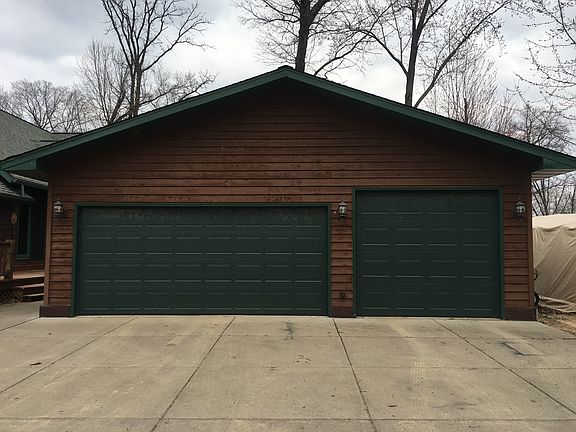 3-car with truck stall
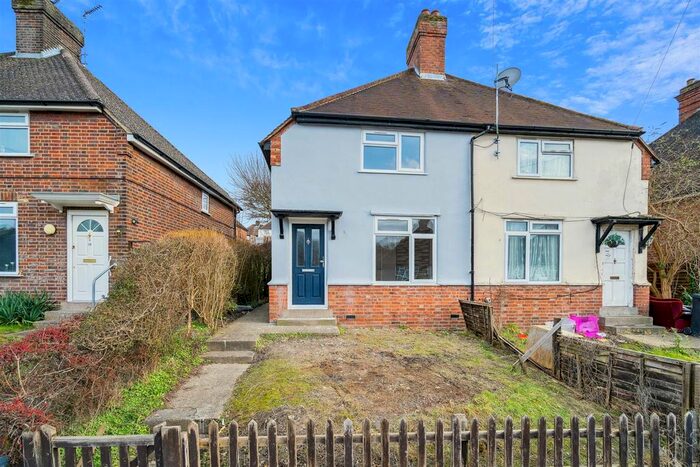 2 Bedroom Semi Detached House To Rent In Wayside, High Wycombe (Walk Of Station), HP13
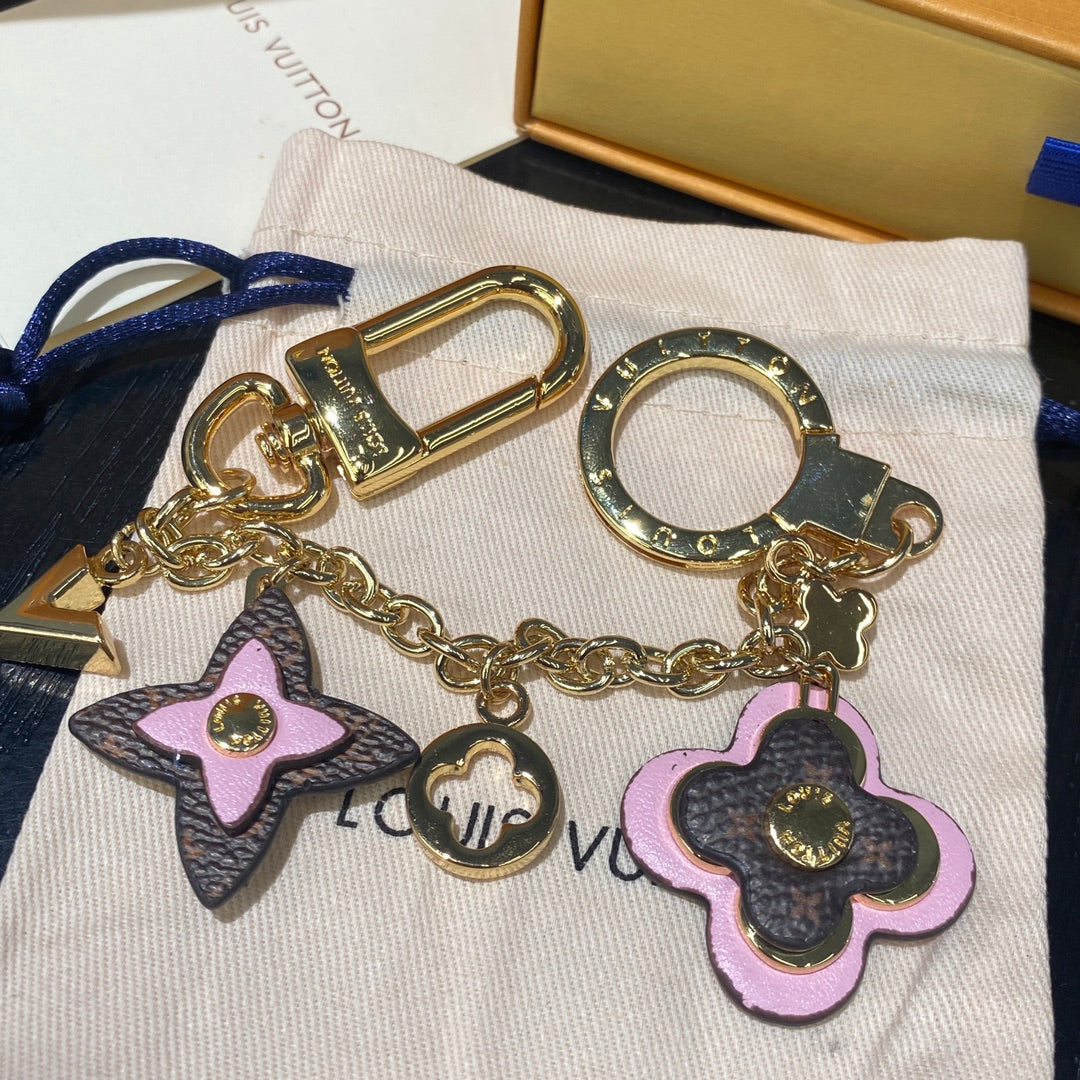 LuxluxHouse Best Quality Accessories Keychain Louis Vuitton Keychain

==

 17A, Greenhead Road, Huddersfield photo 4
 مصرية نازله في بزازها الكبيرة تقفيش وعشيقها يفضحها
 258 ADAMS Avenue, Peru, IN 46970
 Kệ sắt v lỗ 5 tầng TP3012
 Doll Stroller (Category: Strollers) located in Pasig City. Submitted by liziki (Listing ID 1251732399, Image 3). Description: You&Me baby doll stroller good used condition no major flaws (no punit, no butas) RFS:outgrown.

YOUR GOAL :: What you need to produce is an exact copy of the entries above, limited to the lines from the one with "3-car with truck stall" up to and including the one with "LuxluxHouse Best Quality", without pictures.

REPLY ::
 3-car with truck stall
 2 Bedroom Semi Detached House To Rent In Wayside, High Wycombe (Walk Of Station), HP13
 LuxluxHouse Best Quality Accessories Keychain Louis Vuitton Keychain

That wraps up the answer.